**Exercise objective**
Repeat the data as given. Images do not go in the copy.

BEGIN Data listing

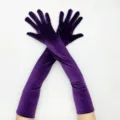 Close-up detail of long purple velvet opera gloves, elegant texture for evening parties. - One Size / Purple Blue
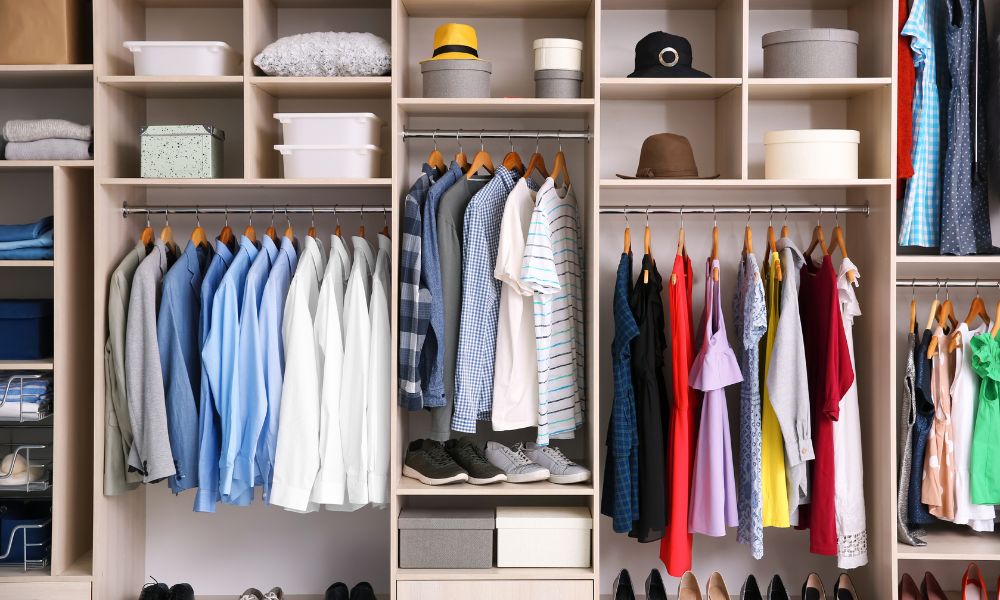 Use Matching Organizer Sets Master Bedroom Closet Organization Ideas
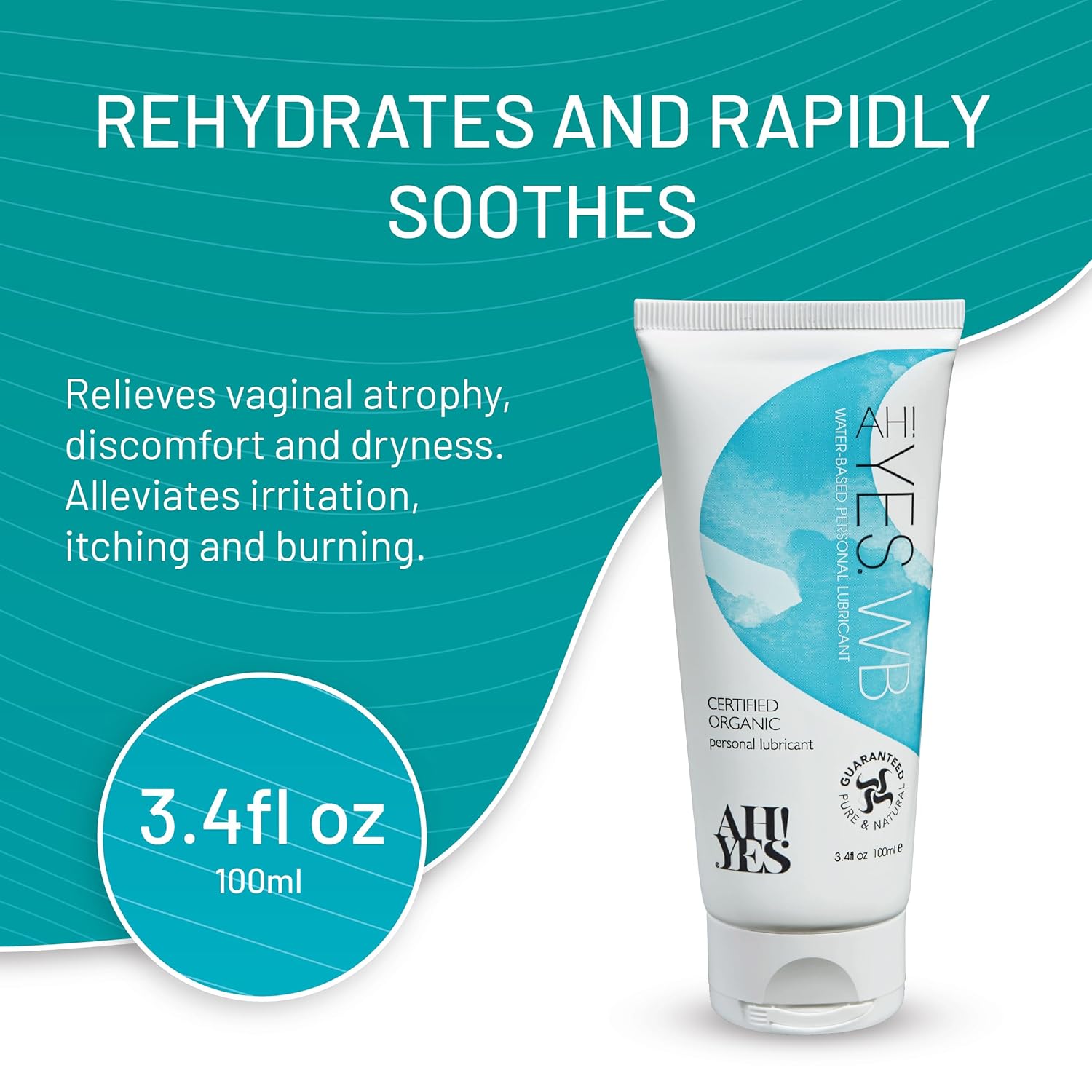 AH! YES® Intimate Health Starter Bundle | Certified Organic | Water-Based & Plant-Oil Lubricants, Vaginal Moisturizer & pH-Balanced Feminine Wash | Long-Lasting Hydration & Gentle Care - Image 8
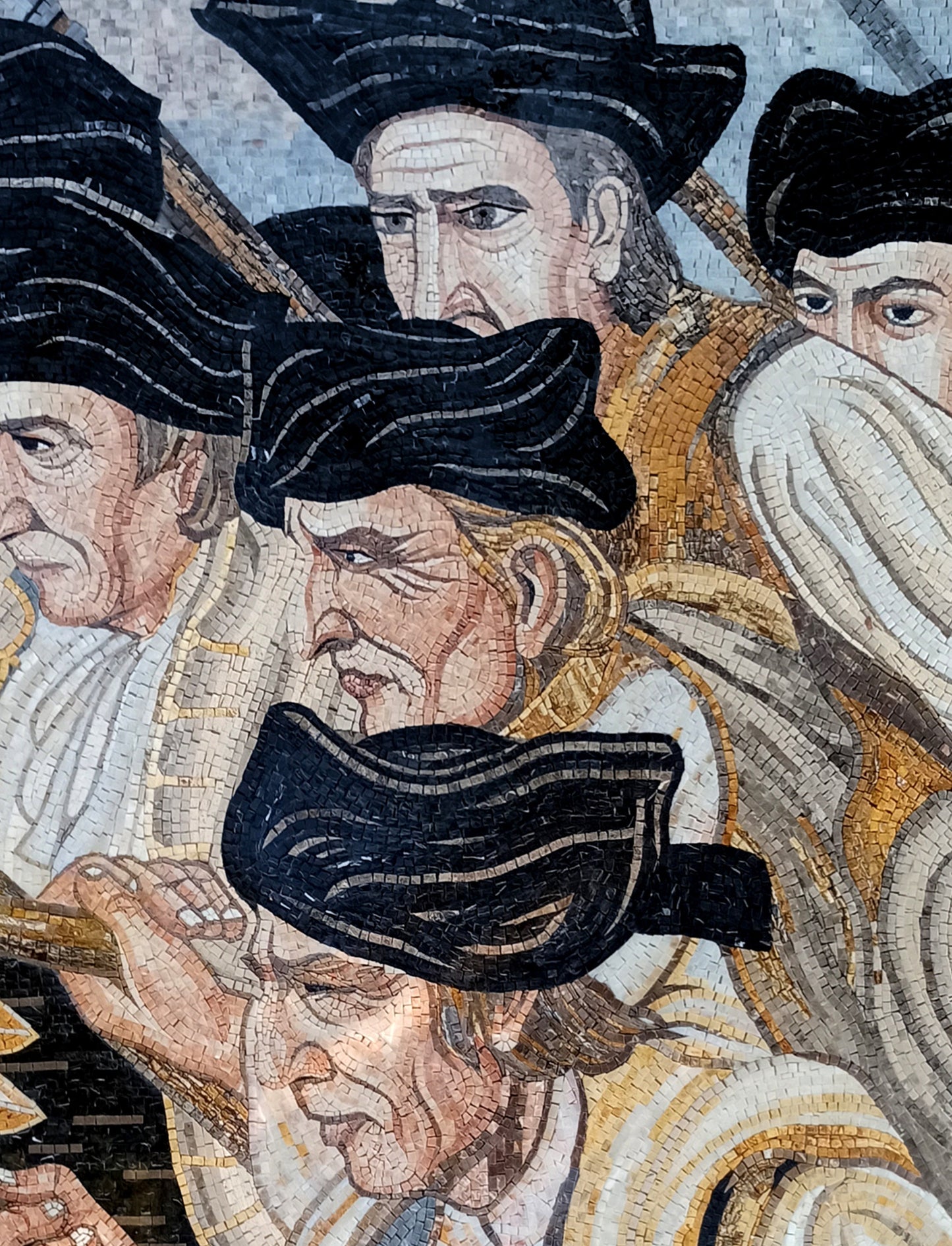 Handmade Colonial War Soldiers Mosaic Tile Art: Italian Marble Backsplash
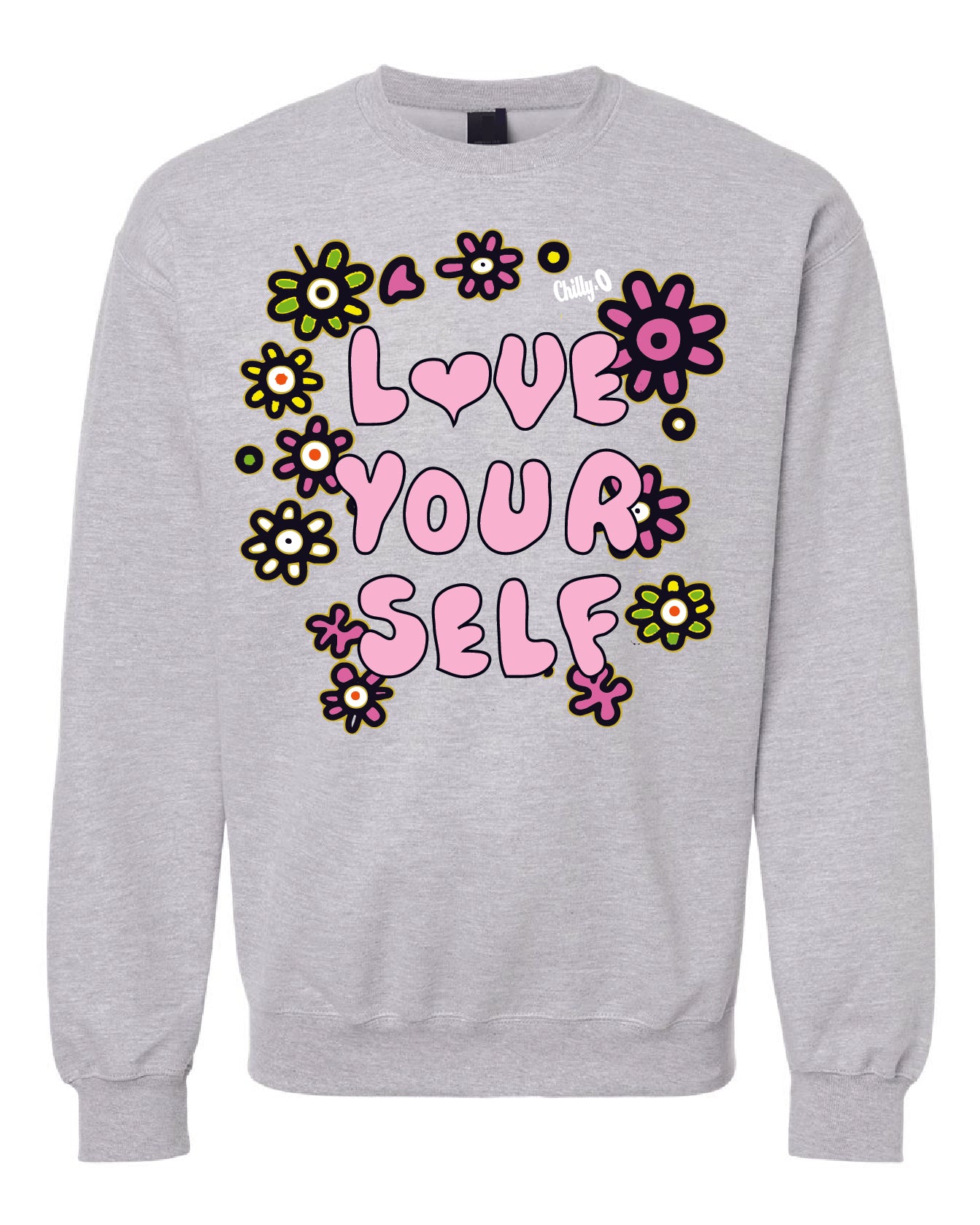 Love Yourself Floral Sweatshirt Grey
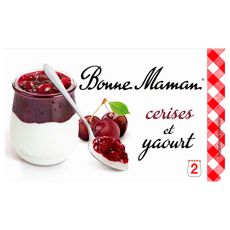 BONNE MAMAN Yaourt aux fruits cerises et yaourt 2x125g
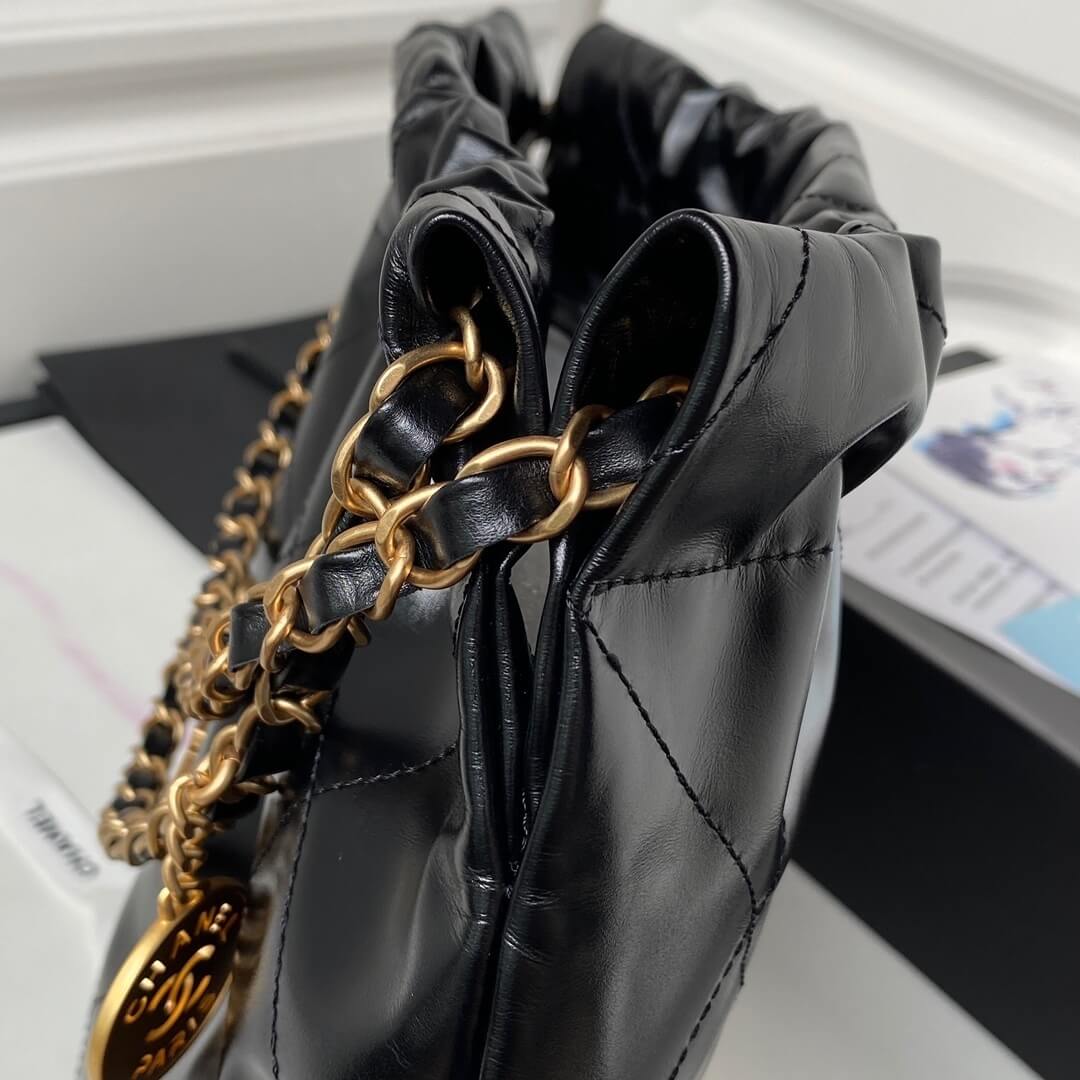 Chanel 22 Shiny Calfskin Shoulder Handbag Pink - Black - Yellow - Image 18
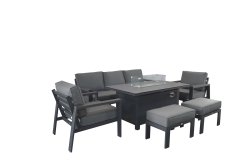 Melbury 3 Seat Sofa Set with Firepit Table - Charcoal/Slate Grey Granite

END Data listing

**Expected output**
 Close-up detail of long purple velvet opera gloves, elegant texture for evening parties. - One Size / Purple Blue
 Use Matching Organizer Sets Master Bedroom Closet Organization Ideas
 AH! YES® Intimate Health Starter Bundle | Certified Organic | Water-Based & Plant-Oil Lubricants, Vaginal Moisturizer & pH-Balanced Feminine Wash | Long-Lasting Hydration & Gentle Care - Image 8
 Handmade Colonial War Soldiers Mosaic Tile Art: Italian Marble Backsplash
 Love Yourself Floral Sweatshirt Grey
 BONNE MAMAN Yaourt aux fruits cerises et yaourt 2x125g
 Chanel 22 Shiny Calfskin Shoulder Handbag Pink - Black - Yellow - Image 18
 Melbury 3 Seat Sofa Set with Firepit Table - Charcoal/Slate Grey Granite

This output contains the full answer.